Outre les problématiques classiques comme celle du bruit numérique, viennent évidemment s’ajouter toutes les difficultés inhérentes à la photographie d’orages : il s’agit d’exposer correctement à la fois le paysage, mais aussi les éclairs. Un exercice d’équilibriste qui demande de conscientiser chacun de ses choix techniques, et de les maîtriser au mieux.

Quel matériel utilisez-vous pour réaliser ces images et quels réglages sont nécessaires pour capturer ces éclairs ?
Du point de vue du matériel, pour le moment cette série est intégralement réalisée avec un Nikon D750 ainsi que trois focales fixes : 20mm, 50mm et 85mm. La question des réglages est cruciale. Car si la technique est simple sur le papier; elle demande en réalité un perpétuel apprentissage sur le terrain pour s’affiner au gré des différentes situations et contextes, chaque orage étant unique. Si la nuit permet de longues expositions, la prise de vue diurne demande en revanche l’utilisation d’un détecteur spécial, appelé « cellule de déclenchement ».
Dans tous les cas, il faut savoir s’adapter à de nombreux facteurs : intensité des précipitations, puissance des éclairs, déplacement de l’orage… Mais au-delà de l’aspect photographique, 90% du travail consiste en réalité à savoir faire ses propres prévisions à partir de données brutes. Il faut aussi apprendre à connaître et comprendre les orages à la fois dans la théorie et sur le terrain.
Le maître mot dans la photographie de foudre est l’anticipation : il s’agit de toujours conserver un temps d’avance pour ne pas se laisser surprendre ; que ce soit du côté des réglages ou de sa propre sécurité. J’ai justement rédigé un article sur le sujet pour le site Chasseurs d’Orages. Il compile tout ce qu’il faut savoir pour s’initier à la photographie de foudre (d’autres dossiers abordant les autres aspects de la pratique y sont également disponibles).

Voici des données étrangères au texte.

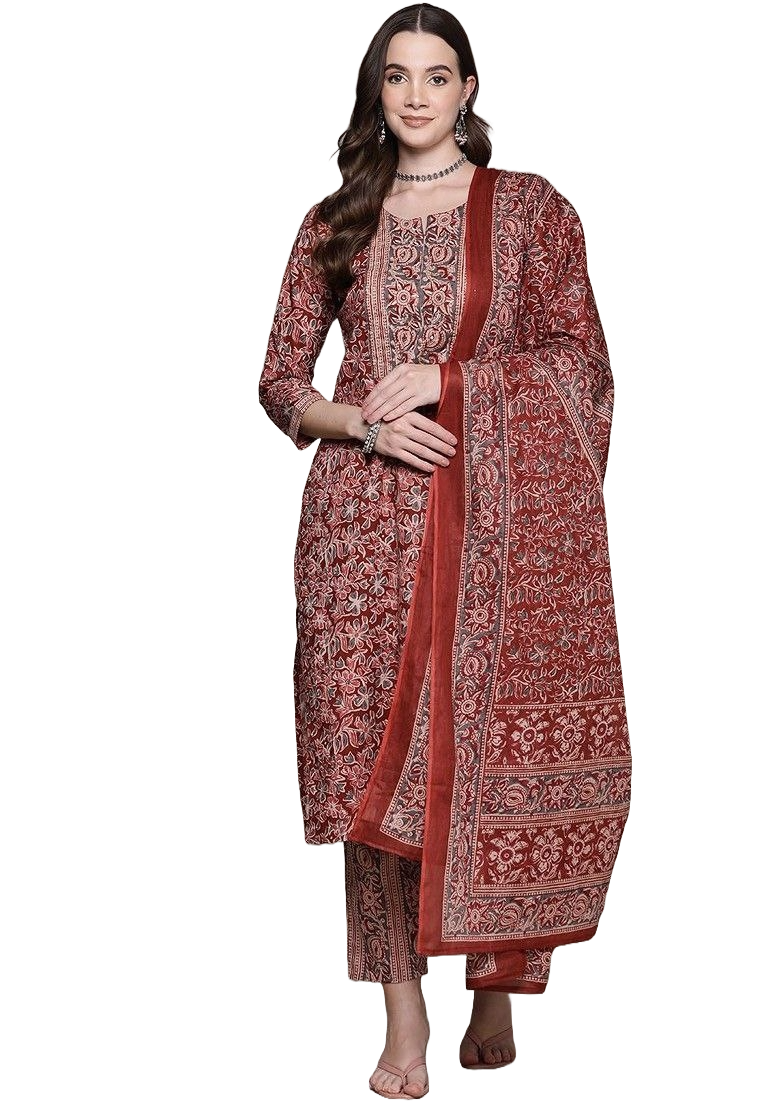 NOZ2TOZ Women Floral Printed Knee Length V Neck Kurti And Pant Set With Printed Dupatta - Maroon - Distacart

Combien de photos réalisez-vous avant d’obtenir LA photo que vous conserverez ?
Dans mon cas, pour cette série en altitude, j’ai souvent en tête une composition bien spécifique. La réaliser nécessite généralement plusieurs repérages, notamment pour trouver des abris adaptés. Parfois il faut de multiples tentatives avant que les conditions souhaitées soient réunies et que la foudre frappe à l’endroit espéré.
Ensuite, il faut garder à l’esprit que chaque orage produira un certain nombre d’éclairs, et donc autant de photos différentes. Parfois une poignée, parfois des centaines.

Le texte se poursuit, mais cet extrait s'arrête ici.